Embora a ação tivesse envolvido cerca de 40 pixadores, Caroline foi a única a ser presa. A base para a sua detenção foi um boletim de ocorrência registrada por um funcionário da Fundação Bienal, que alegava a necessidade de “preservar o patrimônio tombado” do pavilhão. “Uma artista transgressora ficou presa por causa de um B.O. assinado pela principal instituição de arte do país”, resume Diógenes.
“Eu achei muito chocante uma artista passar quase dois meses presa por pintar uma parede branca, isso mexeu comigo”, relata Diógenes. O andar alvo da pichação não tinha nenhuma obra de arte, porque o evento daquele ano se propunha a ser a “Bienal do vazio”. Ele acredita que a ação dos pixadores teria sido celebrada como uma interação artística válida, e não tratada como crime, se praticada por pessoas de outra origem social. “Se fossem estudantes de arte da USP jogando tinta nas paredes da Bienal do Vazio, ninguém teria ido parar na Penitenciária de Santana”, compara.
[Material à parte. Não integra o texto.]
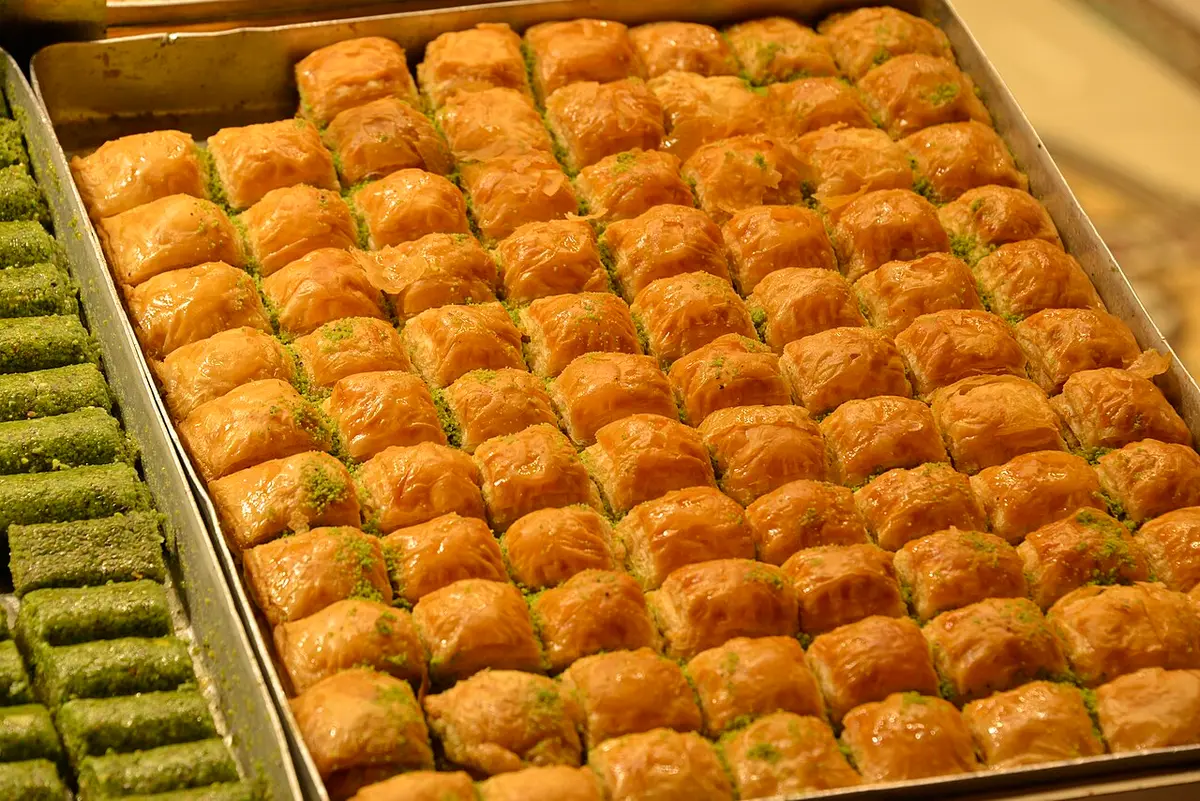 A tray of golden baklava squares in the Spice Bazaar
Quando levou sua câmera emprestada para filmar Caroline, Diógenes pretendia mostrar o cotidiano da pixadora e a primeira visita dela ao prédio da Bienal após sua prisão. Assim que ligou a câmera, porém, o que encontrou mudou suas ideias sobre o que seria o filme. Caroline estava totalmente absorvida pela convivência com a filha, Isis, de 3 anos, e a criança, muito esperta e encantadora, acabou roubando a cena. Quando o cineasta Douglas Lambert viu o material filmado e deu início ao roteiro e à montagem, junto com Diógenes, logo deixou claro que a história que merecia ser contada não deveria focar apenas a pixadora: aquele seria um filme sobre mãe e filha.
O resultado é o curta Pivetta, que estreia em um festival dos EUA, o Mammoth Lakes Film Festival, e fica disponível on-line até 5 de dezembro. Dirigido por Diógenes Muniz e Douglas Lambert, com produção executiva de Tereza Novaes, o filme teve um orçamento próximo de zero, com seus responsáveis trabalhando com a cara e a coragem. A trilha sonora, embalada com a canção “Sem Remorso”, de Nego Gallo, foi cedida gratuitamente pelo rapper.
“Você está fazendo um filme dela? É o meu filme que devia fazer”, diz a pequena Ísis para a câmera logo nas primeiras imagens. E é o que acontece. A menina permanece em cena na maior parte do filme, revelando os dilemas e contradições de Caroline, que segue sendo uma transgressora, já que nunca abandonou o pixo e continua a espalhar ilegalmente a grife Susto’s nos muros por onde passa, mas ao mesmo tempo precisa lidar com o papel de autoridade por ter se tornado uma mãe. “Ao mesmo tempo em que é uma artista contraventora, ela é uma mãe que precisa impor limites para a filha”, explica Diógenes. Assim, o título do curta se refere tanto a Caroline quanto a Ísis.
O jogo de papéis entre a mãe e a rebelde fazem a riqueza do documentário, como nas imagens em que Pivetta fala para Ísis “não aprontar” enquanto passam cenas da sua prisão ou na sequência da visita à Bienal, em que Caroline tem que lidar com as regras rígidas da segurança do prédio, ora instruindo a filha a seguir as ordens, ora mostrando à pequena como quebrá-las sem ser pega. “Esse filme vai ser uma lembrança bonita para Ísis rever quando for mais velha”, imagina Diógenes.
Diógenes, que ano passado venceu o Festival Internacional de Documentários É Tudo Verdade com seu primeiro longa, Libelu – Abaixo a Ditadura, vem adotando uma estratégia própria para divulgar o filme. Está distribuindo panfletos com links em QR Code para o documentário na própria Bienal de Arte, que em 2021 completa 70 anos. Nos impressos, está escrito Uma artista foi presa aqui. “Quis levar a história para o palco a que ela pertence. A Carol está ligada à história da Bienal e não vão conseguir apagar isso.”